Accounting
Good News, Bad News on Student Loan Interest Deduction
The bad news is, if you are paying more than $2.5k per year in student loan interest, the excess is not deductible and cannot be carried forward. Also, if you are making more than $65k per year, the deduction begins to phase out, and if you are making ...
Jul. 21, 2016
Two-thirds of students graduating college in Illinois in 2016 are carrying student loan debt, averaging close to $30k and typically carrying interest at 6.8 percent, or a little over $2k per year.
The good news is, student loan interest up to $2.5k per year is an “above the line” deduction on your federal income tax return, meaning you do not have to itemize deductions to claim it. And if you do itemize, the deduction reduces your adjusted gross income, enabling you to deduct slightly more in the way of medical expenses and so-called “miscellaneous itemized deductions,” such as unreimbursed employee expenses and the fees you paid your return preparer.
Your mileage may vary, but again taking the typical case, if you have a bachelor’s degree the Bureau of Labor Statistics says you are probably employed, and probably making something like $60k per year. This would put you in the middle of the 25 percent marginal income tax rate bracket. So if you maxed out the student loan interest deduction at $2.5k you would save $625 in taxes.

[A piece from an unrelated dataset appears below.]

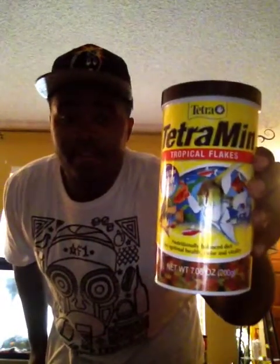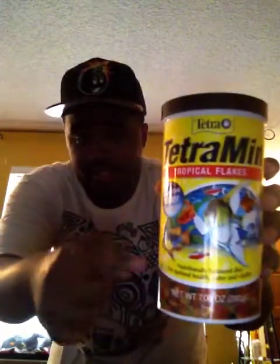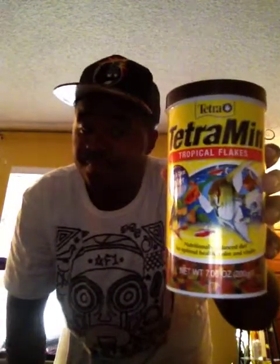This is tropical flakes we're using to feed them. We got some colorful fish — see these colors on the fish? Here it goes, feeding the fish now.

The bad news is, if you are paying more than $2.5k per year in student loan interest, the excess is not deductible and cannot be carried forward. Also, if you are making more than $65k per year, the deduction begins to phase out, and if you are making $80k per year, the deduction disappears altogether.
Again if you are entirely typical, you will almost certainly be married by the time you are thirty. And here the good news is, if you are filing joint returns you will still be in the 25 percent marginal rate bracket until your combined incomes hit $151.9k, and the range over which the deduction phases out is doubled, starting at $130k and zeroing out at $160k.
The bad news is, the cap on the student loan interest deduction is still only $2.5k. So if you are both carrying student loans and paying in the aggregate more than $2.5k per year in interest, again the excess is not deductible and cannot be carried forward.
You cannot work around this problem by filing separately, because the federal tax Code says you cannot take the deduction on a separate return. Some commenters have suggested, almost in jest, that this would be a good reason to delay getting married.
On the other hand, if you are trying to qualify for an income-based student loan repayment plan, you may want to consider filing separately, especially if your spouse does not also have student loan debt, so his or her income will not be taken into account in setting the repayment rate.
At Klein Hall CPAs, a Naperville and Aurora accounting firm, we stand ready to help you work through these complexities to reach the optimal result. Please contact us for an appointment.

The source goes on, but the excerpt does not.